New Zealand-based producer Bathurst Resources expects China's government to release new quotas for coal imports in the next month, bringing Chinese buyers back into the market.

The firm is confident enough in the outlook to issue an earnings before tax and interest guidance of NZ$62.1mn ($41.7mn) for the year to 30 June 2021, down from the NZ$76.8mn it achieved in the previous year on lower seaborne prices.

Bathurst because of its operations in New Zealand is not caught up in the diplomatic tensions between Australia and China, and the call by Beijing to stop imports of Australian coal. The firm expects coal demand to increase over the next few months driven by the price differential between domestic Chinese coal and seaborne coal, as well as increased buying from outside of China as steel producers restore output after Covid-19 lockdowns.

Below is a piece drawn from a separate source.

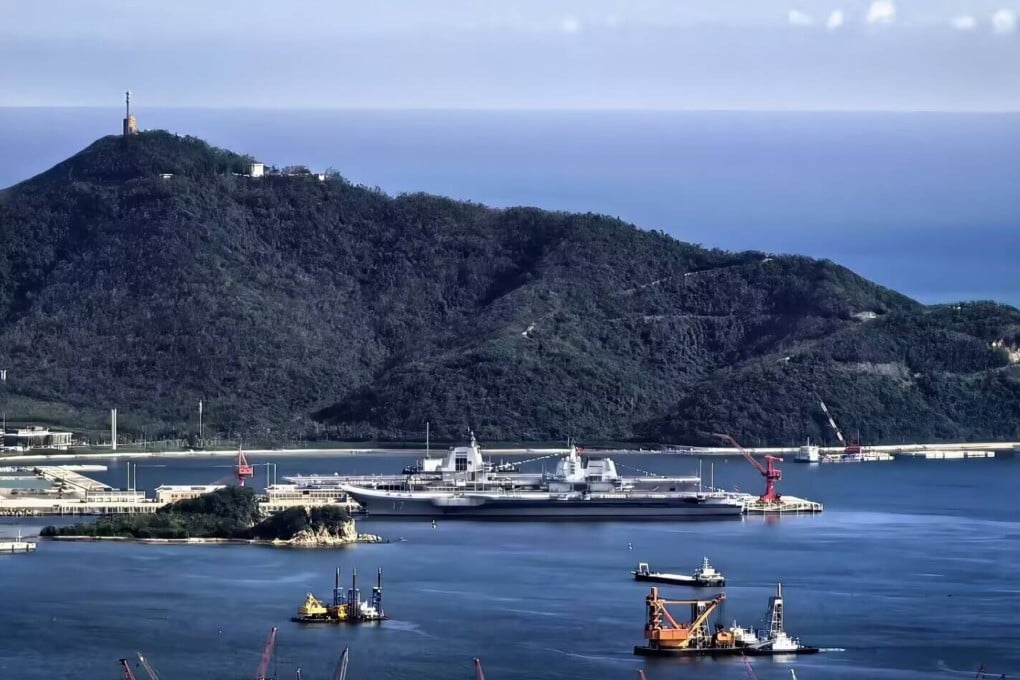 The Shandong in the foreground is berthed next to the Fujian at a base in Sanya, Hainan province. Photo: X/ RupprechtDeino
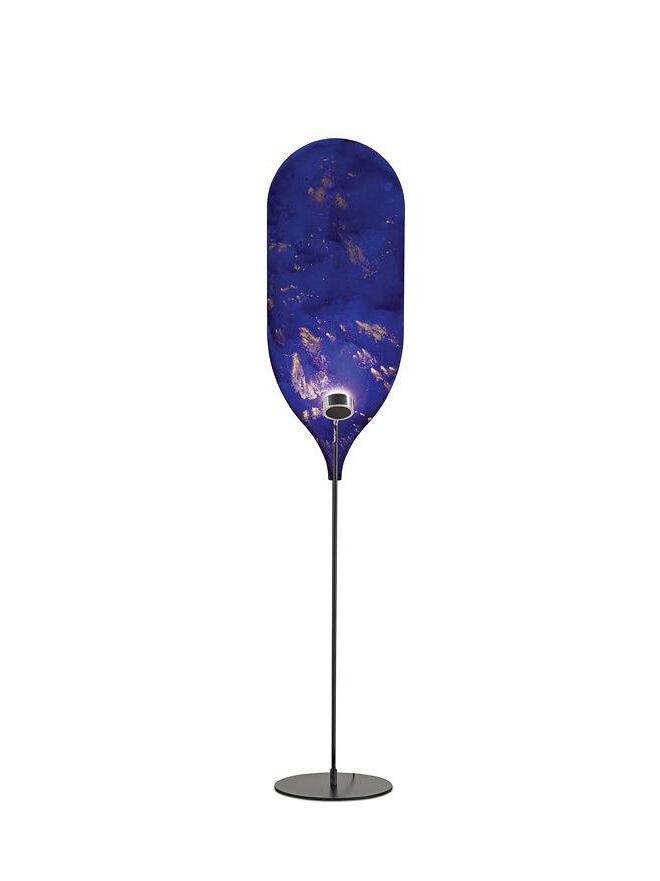 Deep blue rounded panel with gold-toned marks above black stem and circular base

Bathurst sold 329,000t of coal during July-September, down from 408,000t for the same period a year earlier. It made a small operating profit in the latest quarter, with coal sales revenue of NZ$35mn against production costs of NZ$29mn.

Bathurst reopened the 1mn t/yr Stockton export coking and thermal coal mine in the West Coast region of New Zealand's South Island in late April after it was closed for four weeks during the New Zealand Covid-19 lockdown. It has been operating normally since.

Bathurst also operates four mines that supply thermal coal to the domestic market — the Maramarua and Rotowaro operations in the North Island and Takitumu and Canterbury in the South Island.

Bathurst plans to expand exports from New Zealand by increasing the quality of the Stockton coal and lowering sulphur levels by blending with coal from its Buller Plateau assets and leveraging off the Stockton infrastructure to develop Escarpment and, at a later stage, the Whareatea West mines. The Buller Plateau assets include Escarpment that was closed in April 2016 because of weak coking coal prices.